The beleaguered NHK boss should have
added that free market, state, and even military sanctioned
prostitution all predate the Great War and have continued even to
this day. He could even have pointed out that ever since
Generalissimo Chiang landed on Kinmen Rock, the Taiwanese military
conscripted aboriginal girls and female prisoners into its brothels
to fulfil and regulate the sexual urges of a conscripted civilian
military. Informally, they were called “special teahouses”.
Officially, they were run under Unit 831. Apparently it was all par
for the course and no one blinked an eye at the practice.

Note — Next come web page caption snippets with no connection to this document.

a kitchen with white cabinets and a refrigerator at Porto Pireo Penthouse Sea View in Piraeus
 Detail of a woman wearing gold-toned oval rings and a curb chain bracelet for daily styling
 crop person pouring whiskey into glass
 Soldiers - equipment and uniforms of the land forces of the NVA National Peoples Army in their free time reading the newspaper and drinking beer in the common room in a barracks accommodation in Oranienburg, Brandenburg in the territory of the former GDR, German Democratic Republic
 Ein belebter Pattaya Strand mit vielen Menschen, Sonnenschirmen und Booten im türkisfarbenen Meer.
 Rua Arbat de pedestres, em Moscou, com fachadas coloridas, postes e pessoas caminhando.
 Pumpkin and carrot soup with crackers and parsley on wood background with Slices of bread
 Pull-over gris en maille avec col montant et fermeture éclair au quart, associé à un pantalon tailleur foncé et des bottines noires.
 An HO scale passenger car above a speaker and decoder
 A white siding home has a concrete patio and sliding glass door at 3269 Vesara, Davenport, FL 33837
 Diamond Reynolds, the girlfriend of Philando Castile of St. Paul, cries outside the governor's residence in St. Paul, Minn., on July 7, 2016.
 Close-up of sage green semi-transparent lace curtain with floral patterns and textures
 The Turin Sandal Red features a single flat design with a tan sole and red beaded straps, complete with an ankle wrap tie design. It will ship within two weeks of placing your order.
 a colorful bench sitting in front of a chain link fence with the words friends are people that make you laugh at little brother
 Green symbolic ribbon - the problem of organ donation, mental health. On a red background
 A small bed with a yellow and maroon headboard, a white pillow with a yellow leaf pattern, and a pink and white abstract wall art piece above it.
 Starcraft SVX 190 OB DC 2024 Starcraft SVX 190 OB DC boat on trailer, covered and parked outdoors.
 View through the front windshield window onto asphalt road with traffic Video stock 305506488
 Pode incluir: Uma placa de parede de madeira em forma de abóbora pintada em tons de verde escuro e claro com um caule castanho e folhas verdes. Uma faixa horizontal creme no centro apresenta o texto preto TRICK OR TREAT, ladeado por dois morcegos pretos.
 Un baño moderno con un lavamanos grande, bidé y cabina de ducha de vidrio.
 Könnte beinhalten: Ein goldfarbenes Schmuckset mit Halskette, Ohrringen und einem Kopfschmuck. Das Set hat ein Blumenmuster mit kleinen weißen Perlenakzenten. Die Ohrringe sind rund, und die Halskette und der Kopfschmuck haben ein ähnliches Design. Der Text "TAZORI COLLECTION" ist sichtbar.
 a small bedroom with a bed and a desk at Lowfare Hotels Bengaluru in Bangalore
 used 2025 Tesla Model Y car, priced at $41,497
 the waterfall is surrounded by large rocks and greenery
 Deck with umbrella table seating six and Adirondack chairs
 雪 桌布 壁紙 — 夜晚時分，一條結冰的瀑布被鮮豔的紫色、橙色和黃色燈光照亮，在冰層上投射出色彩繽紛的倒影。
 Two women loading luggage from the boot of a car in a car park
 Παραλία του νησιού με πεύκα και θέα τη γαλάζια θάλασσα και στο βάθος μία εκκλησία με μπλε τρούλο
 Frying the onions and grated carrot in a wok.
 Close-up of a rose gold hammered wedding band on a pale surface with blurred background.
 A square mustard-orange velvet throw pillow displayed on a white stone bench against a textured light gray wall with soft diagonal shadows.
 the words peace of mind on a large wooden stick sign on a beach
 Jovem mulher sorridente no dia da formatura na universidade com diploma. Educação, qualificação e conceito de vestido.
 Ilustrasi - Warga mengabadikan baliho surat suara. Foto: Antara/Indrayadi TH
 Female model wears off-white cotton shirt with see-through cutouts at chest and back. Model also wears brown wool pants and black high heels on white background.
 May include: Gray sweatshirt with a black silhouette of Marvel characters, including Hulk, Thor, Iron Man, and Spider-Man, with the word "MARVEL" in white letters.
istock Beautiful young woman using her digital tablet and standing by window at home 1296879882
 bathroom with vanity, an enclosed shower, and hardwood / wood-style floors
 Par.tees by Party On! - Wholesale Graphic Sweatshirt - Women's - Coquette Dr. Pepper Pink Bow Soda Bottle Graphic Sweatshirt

Doze Niu’s Paradise in Practice takes
on this thorny, even horrifying topic and gives it the Wonder Years
treatment. 30-something Ethan Juan plays the fresh-faced innocent
barely out of high school, a military conscript who flunks out of the
Taiwan marines and gets reassigned to one of these military brothels.
There, he works as a cross between a prison guard for the sex workers
and a clerk who sells tickets for their clients. And over the course
of the film, he gets to grow up, make friends with both the whore
with a heart of gold and a tragic backstory and the barking drill
sergeant from Hunan with a heart of gold and a tragic backstory that
is often played for laughs. In the permanently liminal space, all 3
can never go back, both literally and metaphorically.
The setting may be a military brothel,
the biggest outrage may be that the workers were transferred from the
criminal system to expedite their sentences—but the horror is
distanced, tamed, and normalised via the protagonist’s mostly comic
rite of passage narrative. The slice of life approach allows the
existential horror to be downplayed in favour of the film’s comic
and sentimental elements. Doze Niu seems to favour the sentimental
even though he’s a far more sophisticated comic writer and
director. And when the horror does surface, it is coded more as
melodrama than the abyss staring back at you.
I wouldn’t say that Paradise in
Service has taken the wrong approach to talk about the important
topic it raises. It’s an interesting and entertaining film on its
own but perhaps this is as far as Asian society can get talking about
non-Japanese military prostitution, at this point in time.